Computer servers of modern safety- and security-critical applications are challenged by arbitrary faults. Such faults can include malicious cyber threats (e.g., spoofing, unauthorized data access, state modification, deadlock, or instruction stream alteration), exploitation of design flaws, and vulnerabilities in a global supply chain. In addition to design flaws, under-constrained design methodology can create opportunities to unanticipated system stimulus that can cause unspecified consequences. Further, supply chain assurance is a growing concern, as fewer trusted foundries may exist, and counterfeit, cloned, over-produced, and recycled components have entered the supply chain of programs with a thorough chain-of-custody from trusted suppliers. Computer servers are a common target for malicious attack as they are critical shared resources. Thus, they are at risk with broad consequences in disruption of service or data compromise.
The systems and methods disclosed herein provide reliable fault tolerance solutions. One example embodiment is a system for trusted integration of untrusted components. The example system includes at least three electrical components and voting (consensus) circuitry. The components have varied hierarchical implementations for providing common output given common input. The voting circuitry is configured to receive, as input, outputs from the components and provide a consensus output that is a majority of the outputs received from the components. The electrical components of the system can be digital components and the voting circuitry can be analog circuitry. The varied hierarchical implementations of the components can include, for example, any of differing processor instruction sets, differing register sets, and differing address schemes.
In some embodiments, each component can include a processor having an input queue, state memory, state machine, and output queue. The output queues can provide input to the voting circuitry. The state machines can be configured to interpret headers in data of the input queue, where the headers indicating the source and nature of the data. Each state memory can be configured to permit direct memory access for fault recovery. In an event the voting circuitry detects a fault by a given component, the state memory of the given component can be overwritten with data from a state memory of a component that satisfied the consensus. In some embodiments, the components that satisfied the consensus can be enabled to proceed to a next state while the given component is recovered if there are enough components that satisfied the consensus to protect against additional faults.
The system can include a timer to ensure completion of output queue data of each output queue before the processors can proceed to a next state. Such a timer can be associated with the voting circuitry, and the voting circuitry can be configured to provide an interrupt to cause the processors to proceed to the next state. The voting circuitry can be configured to reboot a component that fails repeatedly, and to reboot the system in an event a consensus output cannot be obtained.

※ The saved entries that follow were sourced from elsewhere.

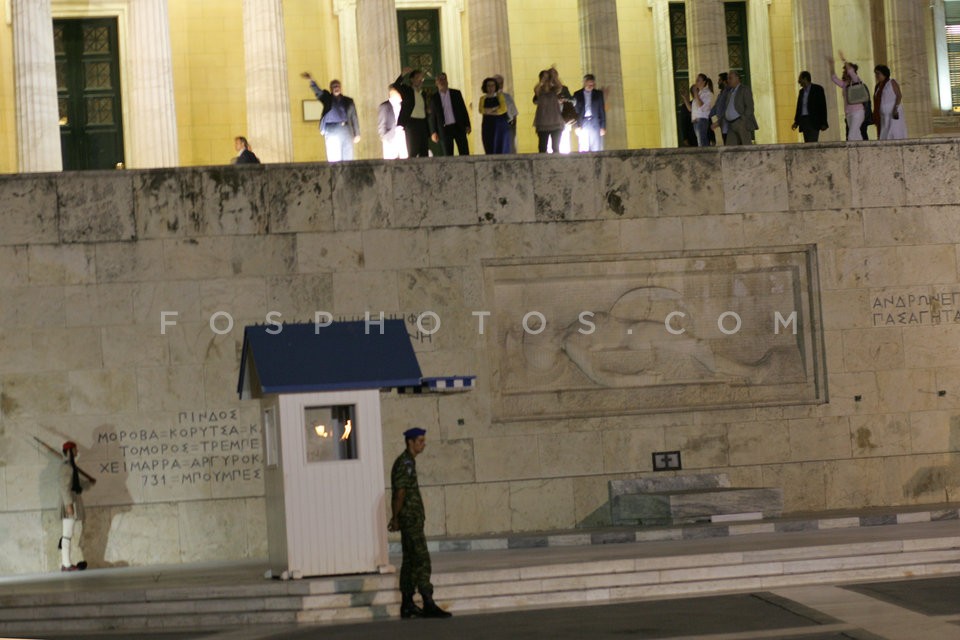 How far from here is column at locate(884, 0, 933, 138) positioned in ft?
136

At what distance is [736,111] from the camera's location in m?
29.5

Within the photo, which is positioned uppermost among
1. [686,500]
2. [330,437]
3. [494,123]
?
[494,123]

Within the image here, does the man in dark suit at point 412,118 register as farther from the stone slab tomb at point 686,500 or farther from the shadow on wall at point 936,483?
the shadow on wall at point 936,483

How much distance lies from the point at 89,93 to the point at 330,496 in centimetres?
2396

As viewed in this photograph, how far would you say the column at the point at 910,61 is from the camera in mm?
41594

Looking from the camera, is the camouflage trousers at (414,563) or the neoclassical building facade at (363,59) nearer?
the camouflage trousers at (414,563)

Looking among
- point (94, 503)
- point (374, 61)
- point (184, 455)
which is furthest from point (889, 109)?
point (94, 503)

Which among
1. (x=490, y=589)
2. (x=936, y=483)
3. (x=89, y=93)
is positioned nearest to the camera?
(x=490, y=589)

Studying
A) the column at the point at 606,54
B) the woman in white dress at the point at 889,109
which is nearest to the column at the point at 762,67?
the column at the point at 606,54

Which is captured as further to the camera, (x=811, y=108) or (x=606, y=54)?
(x=606, y=54)

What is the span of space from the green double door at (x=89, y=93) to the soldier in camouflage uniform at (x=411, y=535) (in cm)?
2376

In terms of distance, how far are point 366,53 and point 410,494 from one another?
18.9m

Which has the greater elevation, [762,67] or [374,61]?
[762,67]

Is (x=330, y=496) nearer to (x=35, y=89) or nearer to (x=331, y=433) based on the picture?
(x=331, y=433) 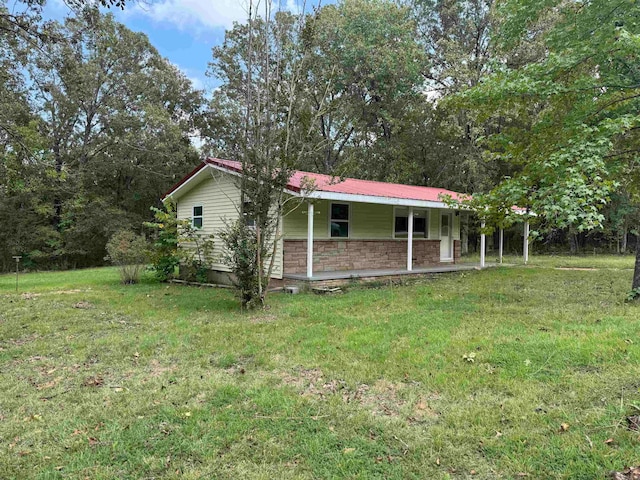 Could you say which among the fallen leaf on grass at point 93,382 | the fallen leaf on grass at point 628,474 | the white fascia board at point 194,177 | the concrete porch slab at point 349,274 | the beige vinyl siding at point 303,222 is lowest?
the fallen leaf on grass at point 93,382

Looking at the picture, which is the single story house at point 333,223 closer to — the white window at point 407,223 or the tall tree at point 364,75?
the white window at point 407,223

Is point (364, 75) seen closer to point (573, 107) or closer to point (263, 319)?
point (573, 107)

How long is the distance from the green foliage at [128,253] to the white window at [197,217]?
5.24ft

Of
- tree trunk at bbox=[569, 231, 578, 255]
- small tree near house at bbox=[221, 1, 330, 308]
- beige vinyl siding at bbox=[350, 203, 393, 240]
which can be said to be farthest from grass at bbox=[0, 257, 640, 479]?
tree trunk at bbox=[569, 231, 578, 255]

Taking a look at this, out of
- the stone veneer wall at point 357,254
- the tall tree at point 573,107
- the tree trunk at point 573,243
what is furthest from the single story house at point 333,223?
the tree trunk at point 573,243

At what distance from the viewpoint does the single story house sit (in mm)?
10203

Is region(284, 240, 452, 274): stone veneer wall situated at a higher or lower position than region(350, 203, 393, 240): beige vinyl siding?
lower

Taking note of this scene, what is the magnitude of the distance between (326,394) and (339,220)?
26.1 feet

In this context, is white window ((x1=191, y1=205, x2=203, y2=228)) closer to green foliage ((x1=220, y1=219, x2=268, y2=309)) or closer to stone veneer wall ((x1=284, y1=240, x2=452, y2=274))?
stone veneer wall ((x1=284, y1=240, x2=452, y2=274))

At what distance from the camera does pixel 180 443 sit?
291cm

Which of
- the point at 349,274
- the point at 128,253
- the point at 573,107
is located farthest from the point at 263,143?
the point at 128,253

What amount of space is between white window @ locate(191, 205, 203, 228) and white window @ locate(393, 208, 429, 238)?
600cm

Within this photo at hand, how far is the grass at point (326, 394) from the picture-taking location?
267 centimetres

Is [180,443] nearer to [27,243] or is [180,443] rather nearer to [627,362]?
[627,362] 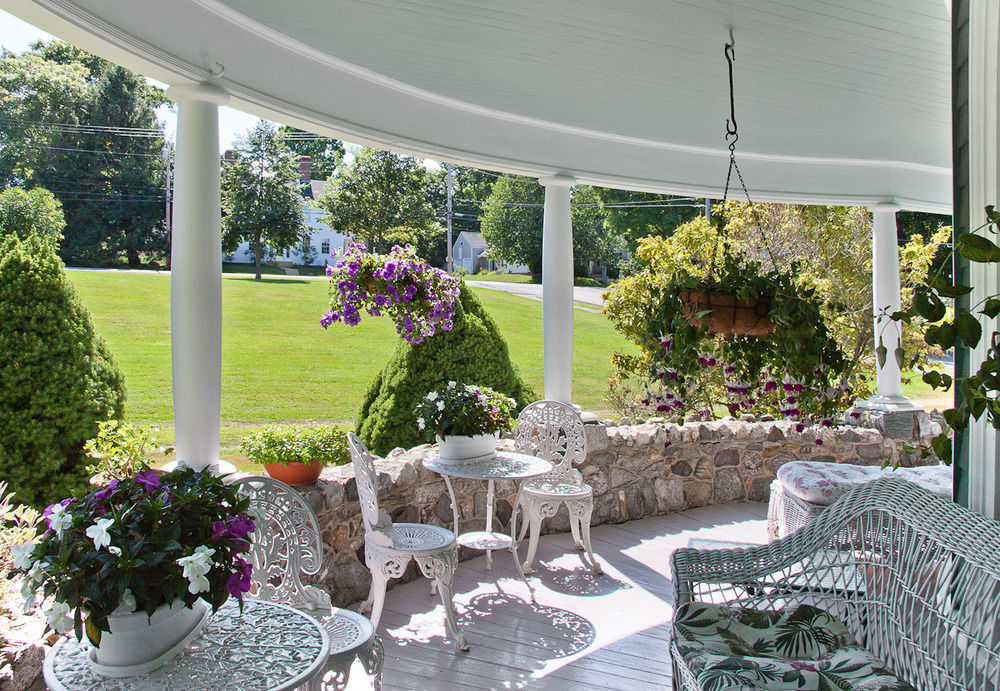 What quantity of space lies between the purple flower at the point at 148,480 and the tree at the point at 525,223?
14.1m

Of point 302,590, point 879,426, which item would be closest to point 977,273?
point 302,590

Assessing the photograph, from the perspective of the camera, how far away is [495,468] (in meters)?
3.75

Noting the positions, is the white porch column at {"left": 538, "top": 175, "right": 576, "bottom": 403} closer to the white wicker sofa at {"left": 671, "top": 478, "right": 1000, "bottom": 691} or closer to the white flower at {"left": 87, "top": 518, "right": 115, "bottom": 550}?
the white wicker sofa at {"left": 671, "top": 478, "right": 1000, "bottom": 691}

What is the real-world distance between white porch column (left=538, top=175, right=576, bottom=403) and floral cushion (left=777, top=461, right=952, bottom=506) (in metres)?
1.39

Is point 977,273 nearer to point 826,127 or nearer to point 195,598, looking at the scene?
point 195,598

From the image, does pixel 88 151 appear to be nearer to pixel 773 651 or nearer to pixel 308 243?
pixel 308 243

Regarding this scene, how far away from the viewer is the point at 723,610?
2.38 metres

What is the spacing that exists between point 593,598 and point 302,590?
69.0 inches

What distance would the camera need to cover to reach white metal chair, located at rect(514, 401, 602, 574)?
13.7 feet

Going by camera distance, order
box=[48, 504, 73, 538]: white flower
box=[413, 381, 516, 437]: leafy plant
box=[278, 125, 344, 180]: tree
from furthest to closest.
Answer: box=[278, 125, 344, 180]: tree < box=[413, 381, 516, 437]: leafy plant < box=[48, 504, 73, 538]: white flower

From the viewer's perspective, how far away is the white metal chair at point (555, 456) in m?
4.17

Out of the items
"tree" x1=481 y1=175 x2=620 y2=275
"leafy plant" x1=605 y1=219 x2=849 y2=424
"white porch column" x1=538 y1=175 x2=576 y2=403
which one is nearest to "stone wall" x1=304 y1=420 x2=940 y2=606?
"white porch column" x1=538 y1=175 x2=576 y2=403

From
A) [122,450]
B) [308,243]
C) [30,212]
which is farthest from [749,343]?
[308,243]

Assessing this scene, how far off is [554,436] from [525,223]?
12017 millimetres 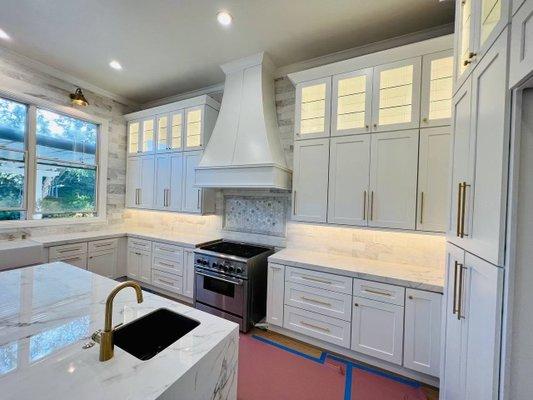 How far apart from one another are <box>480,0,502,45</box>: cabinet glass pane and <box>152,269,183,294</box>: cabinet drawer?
12.1 feet

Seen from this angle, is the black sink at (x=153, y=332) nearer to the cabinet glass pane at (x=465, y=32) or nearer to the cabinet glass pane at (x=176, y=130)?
the cabinet glass pane at (x=465, y=32)

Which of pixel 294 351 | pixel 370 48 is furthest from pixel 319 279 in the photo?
pixel 370 48

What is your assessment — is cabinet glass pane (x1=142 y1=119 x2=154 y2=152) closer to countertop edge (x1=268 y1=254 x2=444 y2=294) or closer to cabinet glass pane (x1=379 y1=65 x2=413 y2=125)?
countertop edge (x1=268 y1=254 x2=444 y2=294)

The voting circuitry can include, for each bit of output across the components, a voting input stage, a transfer stage, and an accumulating stage. The voting input stage can include at least three input switched capacitors corresponding to the components. The input switched capacitors can be configured to receive, as input, a bit of output across the components. The transfer stage can include transfer switched capacitors corresponding to the input switched capacitors. The transfer switched capacitors can be configured to charge a voting capacitor corresponding to each input switched capacitor during a state of a clock signal. The accumulating stage can include accumulating switched capacitors connecting the voting capacitors in series. The accumulating switched capacitors can cause the charges of the voting capacitors to be accumulated during an alternate state of the clock signal. The accumulated charge of the voting capacitors can represent the consensus output of the bit of output across the components.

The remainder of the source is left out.